# How long/when do you play AC?



## monalu11 (Jul 17, 2015)

How do you guys make time for ACNL, and how long do you spend playing it?

I play it in the morning, when the rest of the people in my home are asleep. They will never know that I spend hours playing this game <


----------



## Luckyislucky (Jul 18, 2015)

I'm not gonna lie, this game has seriously screwed up my sleep schedule ever since school let out. Like I start playing it at around 9 or 10 at night, then there's suddenly a time warp and it's 6am, but I have two dozen hybrids, happy villagers, and 10 positive feedbacks. Consequently, I've been going to bed at 7am and waking up at around 3pm every day for about a month, but hey, until it's time to go back to school...worth it!

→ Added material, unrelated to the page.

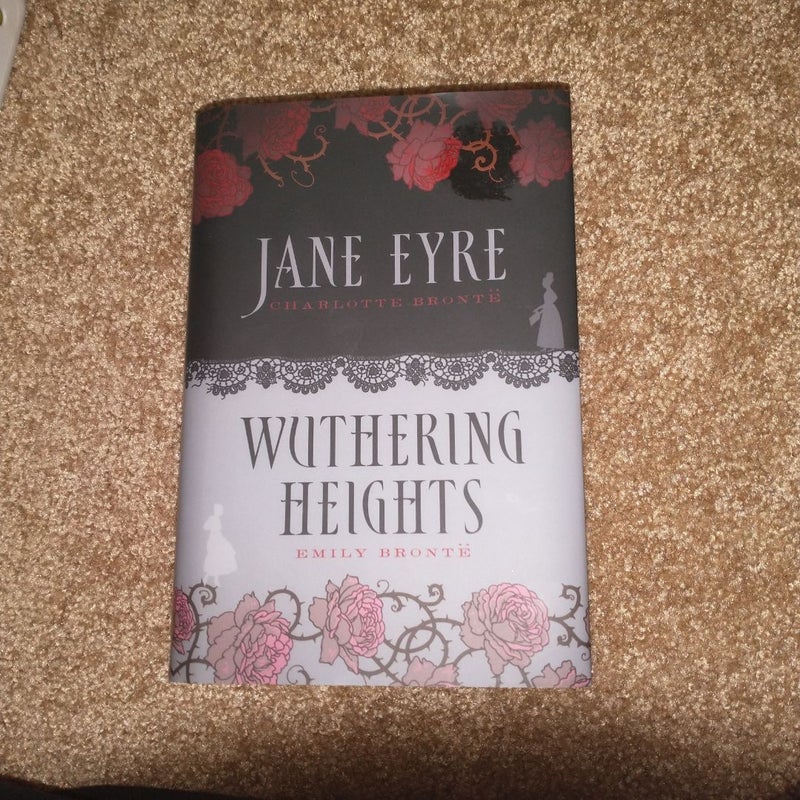 Jane Eyre and Wuthering Heights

...and its 10 to 2am right now owo


----------



## SlaughterShy (Jul 18, 2015)

I play for a solid 2 hours every day, more depending on if my friends are also playing. I mostly play when I wake up and at nighttime.


----------



## saccharine (Jul 18, 2015)

I just play periodically throughout the day on the weekends.
Since I work during the week, I tend to play a little after I get home from work and at night if I have time. Although, my time at night is more for getting a full basket of beetles. orz


----------



## Bottles (Jul 20, 2015)

I spend at lease 4 hours playing lol


----------



## Kuroh (Jul 20, 2015)

I usually play for about 10 mins or an hour now


----------



## Bjork (Jul 20, 2015)

15 minutes to like 3 hours a day


----------



## Fuwa (Jul 21, 2015)

I play all night and sometimes during the day.


----------



## mitzi_crossing (Jul 22, 2015)

I usually play first thing when I wake up, and do the usual chores and gardening stuff. Then depending on the day and my mood, I'll continue playing on and off all day or just do the chores in the morning and have that be it. If I'm in need of money then I'll play again in the evening to go to the island and catch bugs


----------



## Swiftstream (Jul 22, 2015)

Once every 3-4 monthes I might drop in on one of my towns.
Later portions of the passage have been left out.